Sounds good, right? As ever, though, there is quite a lot of devil in the details. Much of the growth in household wealth in recent years has been the result of the slow but steady growth in house prices, rather than accumulation of liquid assets.  Canadians haven't been saving assiduously: it's just that all the (house)boats have risen with the tide.  The outperformance of the local housing market is also the entire explanation for the fact that average Canadian household wealth currently exceeds that of the United States.

Because the "wealth" is so housing-dependent, the Environics findings are not as positive a piece of news as they seem on the surface.  As economists have been quick to point out (see Doug Porter of BMO's comments in the linked article), things could go into reverse quite sharply when interest rates start to go up -- which may not be imminent, but is inevitable at some point.  When that happens a lot of indebted households will quickly find their disposable income getting squeezed, and as that starts to happens across the economy, house prices are likely to stagnate or go into reverse, putting a crimp on household wealth.

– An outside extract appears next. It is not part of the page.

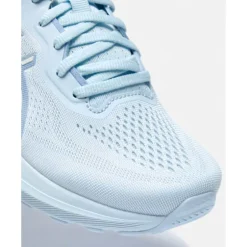 Womens GT-1000 13-Asics Best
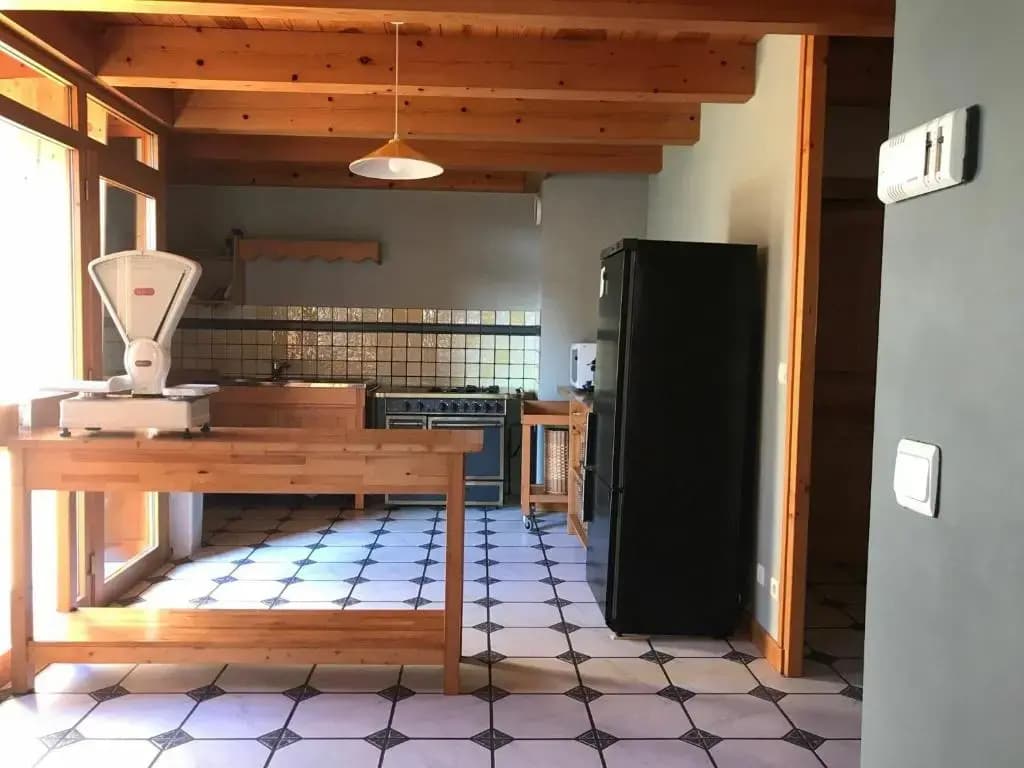 Gîte Tence, 4 pièces, 6 personnes - FR-1-582-134 - Miniature 6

There's also a bigger question of whether housing wealth is really wealth at all, when you aggregate it across an economy.  A leading proponent of the view that it isn't is former Bank of England economist Willem Buiter, who made the case in this paper.*  (Advice: ignore the abstract, which is quite technical, and read the introduction instead).  Rising house prices are good for current homeowners but bad for tenants and would-be buyers.  To quote Buiter, "On average, the inhabitants of a country own the houses they live in; on average,  every tenant is his/her own landlord and vice versa. So in a representative agent model, there is no net housing wealth effect".

The apparent rise in household wealth reported by Environics has come about purely because Canada's banks are in better shape than those of the US and have been able to continue lending.  It in no way reflects any increase in the productive capacity of the economy, which in the long term is the only source of real wealth.  Over the past three years and more, US households have been slowly but steadily paying down debt and now, house prices there are starting to perk up quite nicely.  There's not much doubt about which country's consumers will be in better shape once interest rates start to move higher.

* Interestingly, Buiter reveals that this way of looking at housing was first suggested to him by Mervyn King, his boss at the BoE.